Guaranteed issue life is unique. It has no medical questions on the application, and the insurance company will issue a policy to anyone who applies who’s within a certain age range (typically 45 years to 85 years of age), regardless of their prior health history. This means that someone who is 70 years old and has terminal cancer could apply for, and be issued, a life insurance policy.
To prevent this from happening with guaranteed issue life insurance policies, companies will often have a “graded death benefit” as one of the policy’s features. The graded death benefit means that the insurer will only pay a portion of the policy's face amount to the beneficiary for the first 2-3 years that a policy is active.
For example, a $50,000 life insurance policy could only pay $10,000 in death benefits during the first 12 months the policy was in force, $25,000 then next 12 months, and then pay the entire $50,000 after the policy was in force for 36 months. This is commonly the case with guaranteed issue life, or what is known as “final expense insurance.”
The Waiting Period for Insurance Payouts
In addition to there being a waiting period from when you apply for life insurance until it’s in force, there can also be a waiting period from when your beneficiaries submit a death claim form and when they receive the actual payout from the insurance company. Processing the death claim can take as little as two weeks, or it can be months if the death is being investigated by the insurance company.
If your loved ones will need immediate financial support when you die, it’s advisable to have money set aside for this in a savings account or money market account where they can have immediate access to the money they need. This will help them immensely while they wait for the life insurance payout.
Survivors often need money immediately for things like:
- Final medical bills
- Funeral costs
- Burial costs
- Outstanding loans
- Credit card debt
- Other expenses
In addition to money set aside in bank accounts, temporary life insurance or a policy with no medical exam can provide a faster payout.
Making Sure Your Beneficiaries Can Access Your Death Benefit
To help your beneficiary access your death benefit when you die, be sure they know that a policy exists and that they’ve been specified in the policy to receive the death benefit. Each year, millions of dollars of life insurance proceeds go unclaimed because the beneficiary didn’t even know that there was a life insurance policy in force.

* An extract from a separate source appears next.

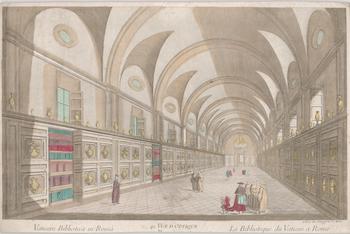 Item #71-1001 42 Vue d’Optique - La Biblioteque du Vatican a Rome. 18th Century European Engraver.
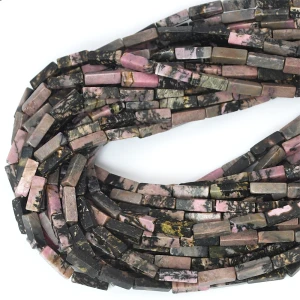 Rodonit różowo czarny prostopadłościan ok. 4x13mm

It’s important to know how long you need a life insurance policy to be in force when you die for your beneficiaries to receive a payout, too. Be sure to ask your life insurance precisely what that time period is with their company.
Also, be sure to completely read the terms and provisions that are specified on the application itself. That’s what will hold up in court if the life insurance company contests paying the claim, saying that the insurance never went in force.